If we truly want to understand the meaning of Ephesians 5, these cultural factors must be considered. Paul's words to this infant New Testament church were meant to liberate women who had been subjected to a patriarchal system that did not even recognize their personhood. The gospel proclaimed in this passage set in motion a way to revolutionize that culture--and to transform the nature of men who did not know how to love their wives.
How tragic that we have used Paul's liberating words to put women in bondage!
In New Testament times, women were considered the absolute property of their fathers or husbands. They were less valuable than cattle. This is why the Apostle Paul's words to husbands in Ephesians 5:28, "Husbands should love your wives as your own bodies," was such a radical departure from the cultural traditions of the day. The Christian view of husband-wife relationships is one of equality and mutual respect, not domination, control and humiliation.

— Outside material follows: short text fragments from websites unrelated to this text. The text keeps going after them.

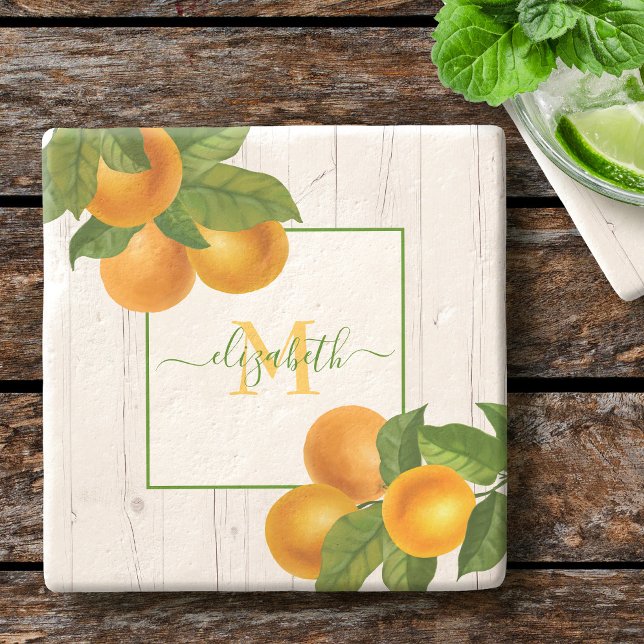 Monogram citrus oranges watercolor rustic wood stone coaster (Creator Uploaded)
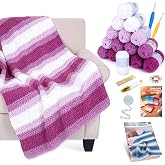 Reessy Crochet Blanket Kit for Adult Beginners, Purple Ombre Chenille Yarn | 16 chenille yarn skeins in 4 shades, hooks, tools and video instructions for adults learning crochet.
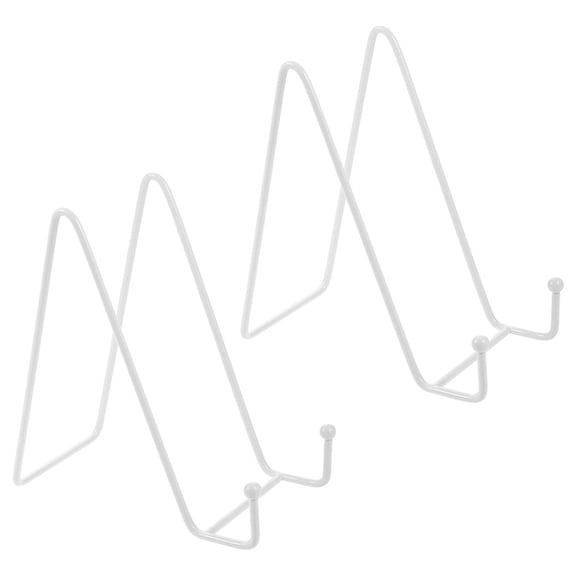 2 Pcs Display Shelf Bookshelves Bookends for Shelves Photo Stand Decorative Plate Stand Book Stand Photo Frame Stand Picture Frame Books White Iron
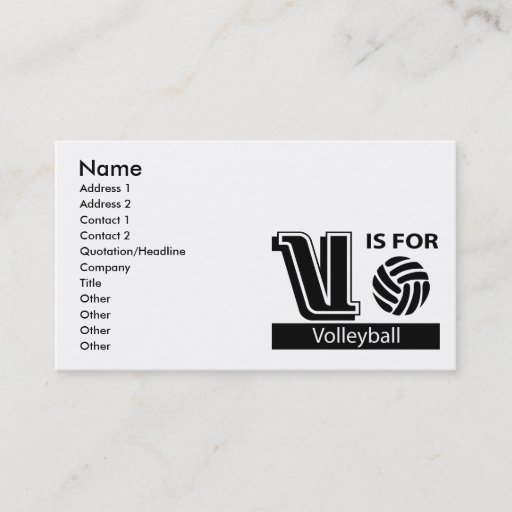 Customizable V Is For Volleyball Business Card Templates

The National Council on Domestic Violence says a woman is battered every 15 seconds in this country. Tragically, the problem also exists in evangelical churches--but it is often swept under a rug because Christian leaders either don't know how to stop it or can't reconcile the problem with their theology. That's because their own teaching about marriage relationships, particularly their philosophy of wives and "biblical submission," is an underlying cause of this ugly dilemma.
Isn't it time that the church stood up and shined a truly biblical light of truth into the world's dark history of gender bias?